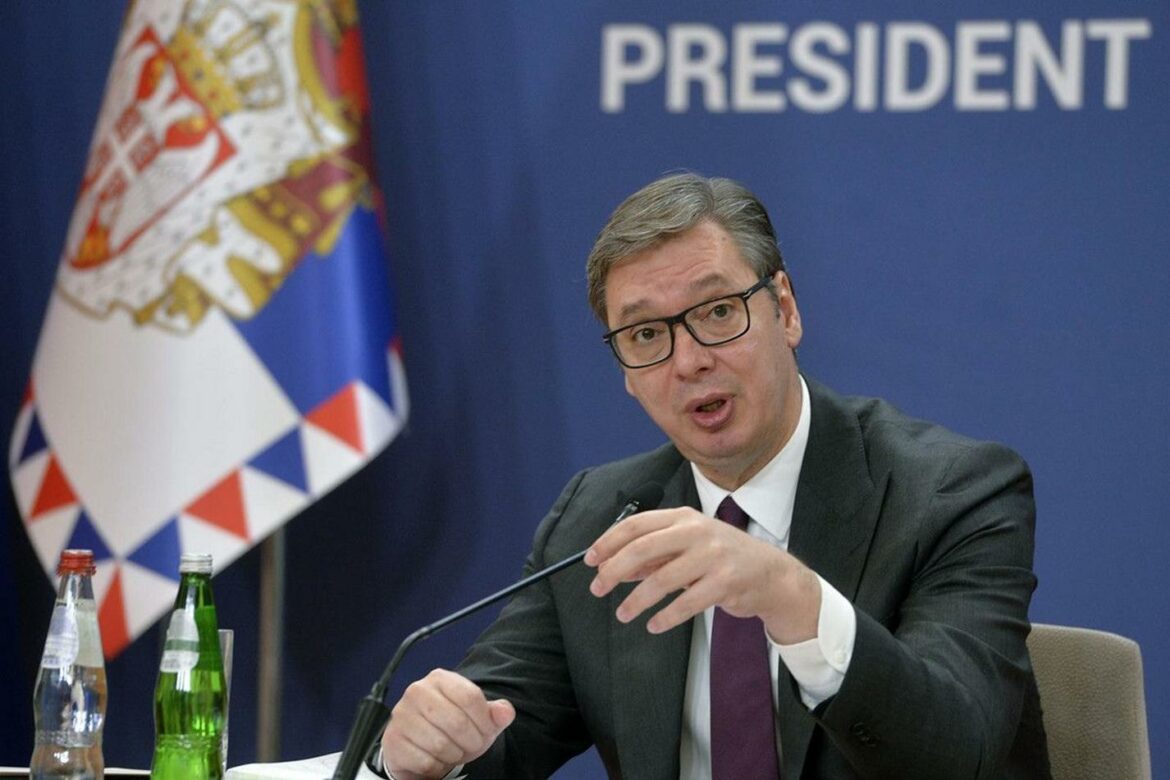 Vučić o prihvatanju plana za Kosovo: Svi bi hteli da bude sutra ali sutra ne može i tačka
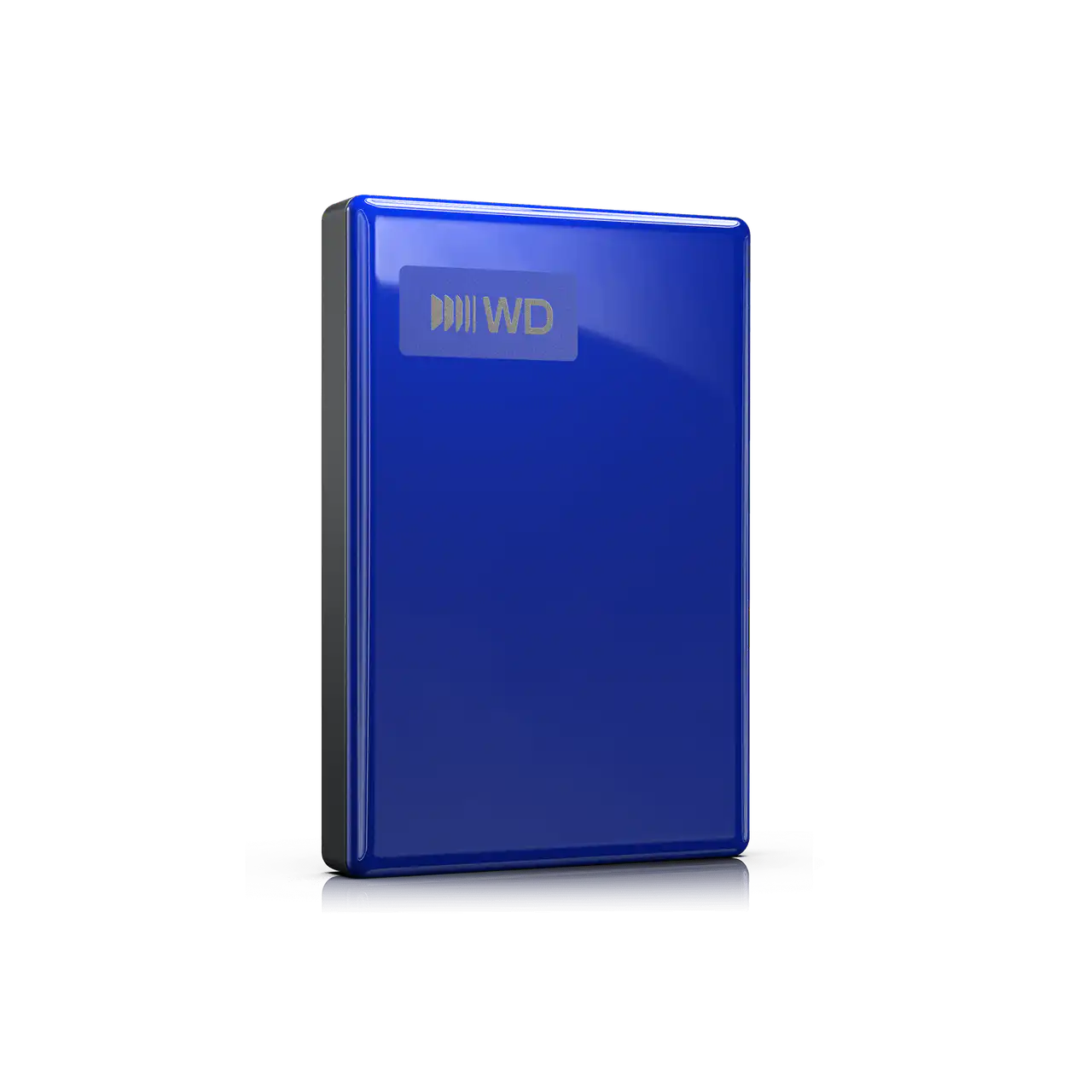 My Passport USB-C Blue 1TB-2TB Right- Zoom Image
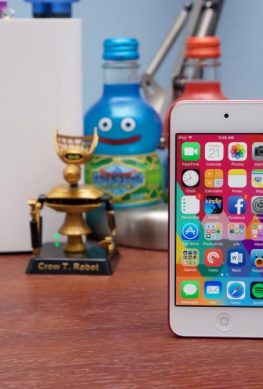 В коде iOS 12 нашли подтверждение тому, что Apple готовит новый плеер iPod Touch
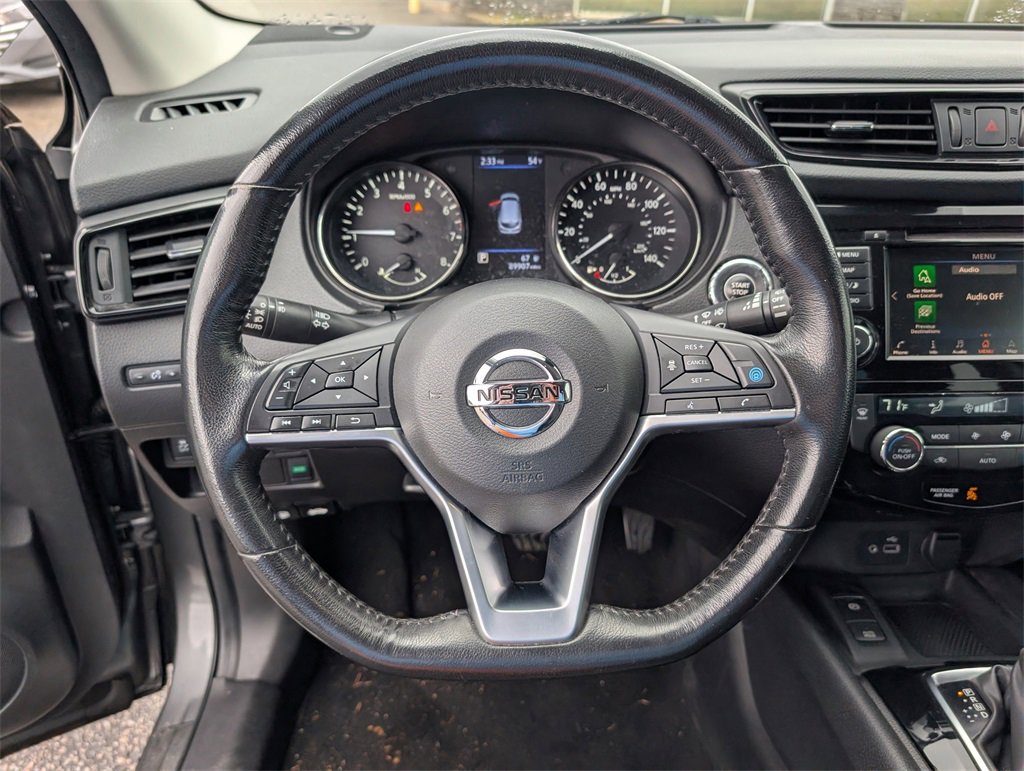 Used 2019 Nissan Rogue Sport SV w/ Technology Package image 20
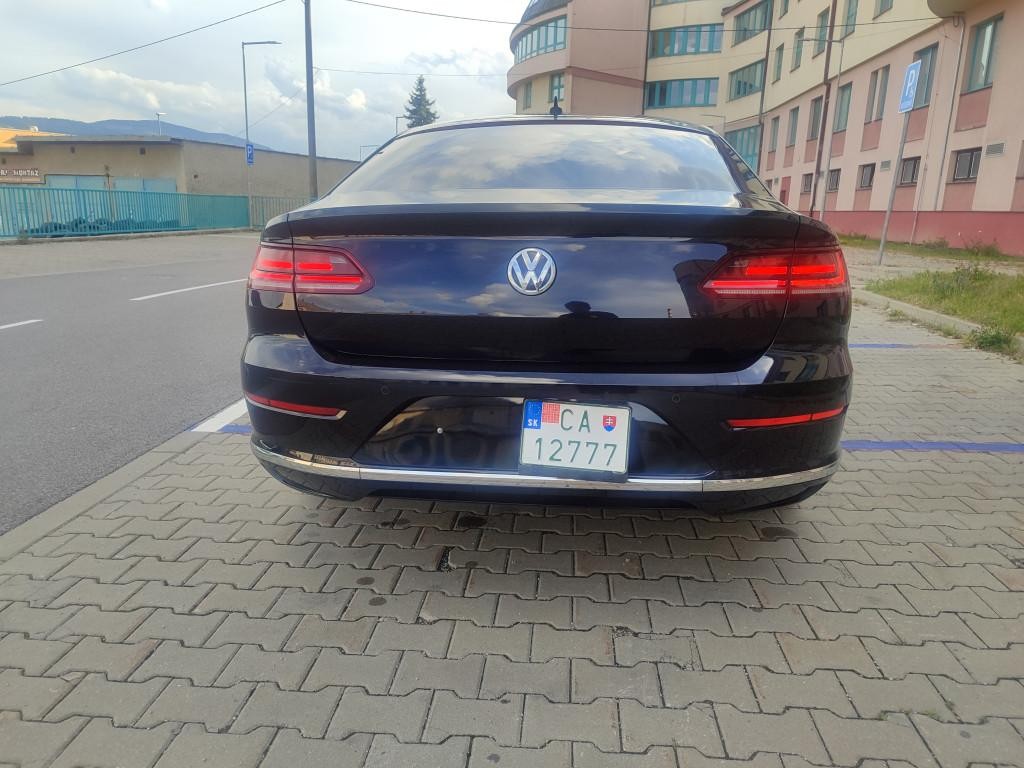 Volkswagen Arteon 2.0 TDI SCR BMT Elegance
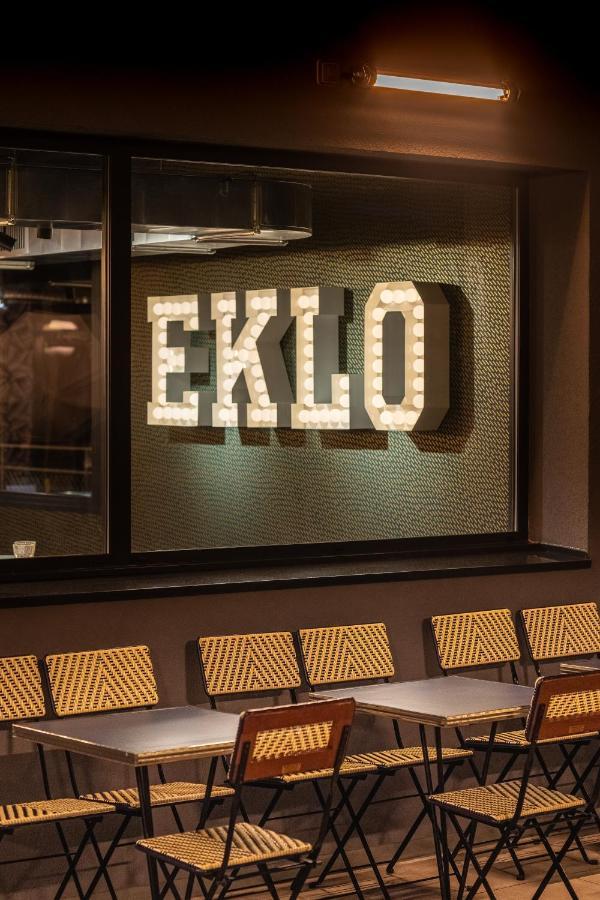 Eklo Clermont Ferrand Centre Gare Otel Dış mekan fotoğraf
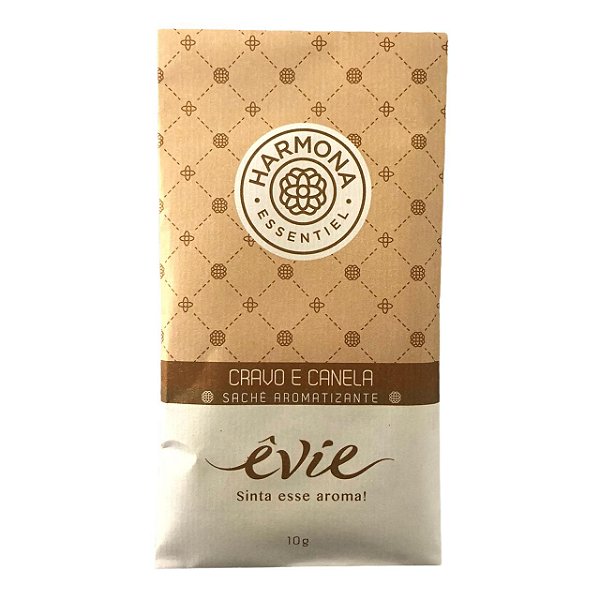 Sachê Aromatizante Cravo e Canela 10g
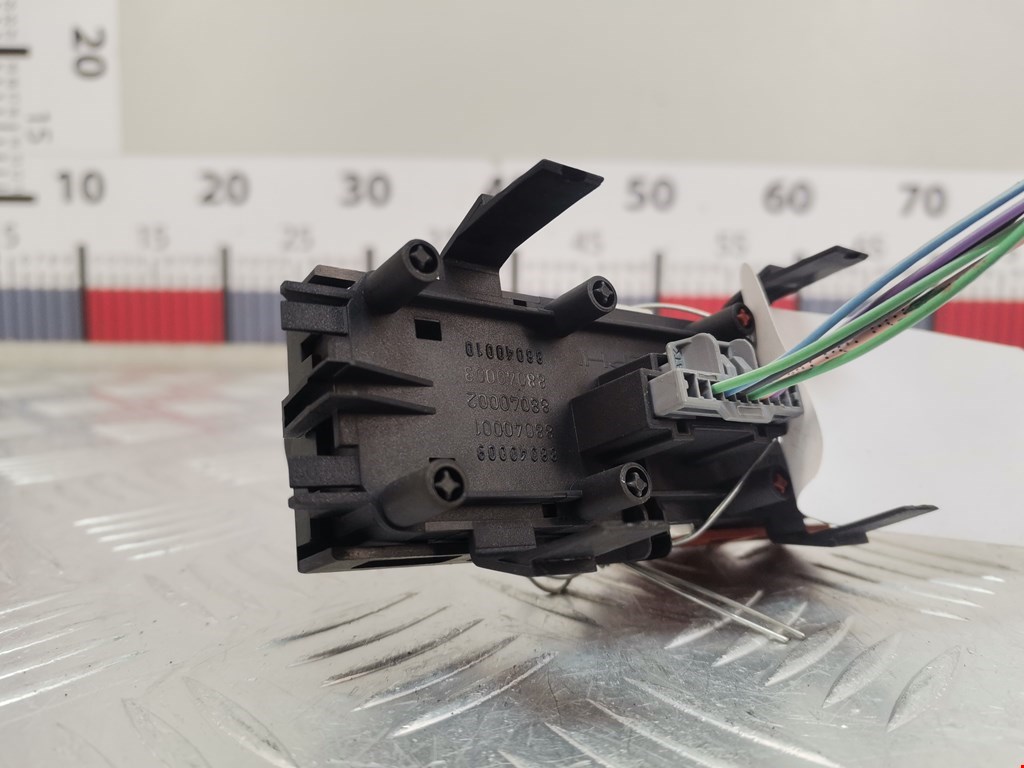 Кнопка аварийной сигнализации (аварийки) RENAULT Megane II 2002-2009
■ ■ ■ ■ ■
→ Exercise details
Retype every record as it stands. None of the pictures should appear.

→ Completed exercise
 Vučić o prihvatanju plana za Kosovo: Svi bi hteli da bude sutra ali sutra ne može i tačka
 My Passport USB-C Blue 1TB-2TB Right- Zoom Image
 В коде iOS 12 нашли подтверждение тому, что Apple готовит новый плеер iPod Touch
 Used 2019 Nissan Rogue Sport SV w/ Technology Package image 20
 Volkswagen Arteon 2.0 TDI SCR BMT Elegance
 Eklo Clermont Ferrand Centre Gare Otel Dış mekan fotoğraf
 Sachê Aromatizante Cravo e Canela 10g
 Кнопка аварийной сигнализации (аварийки) RENAULT Megane II 2002-2009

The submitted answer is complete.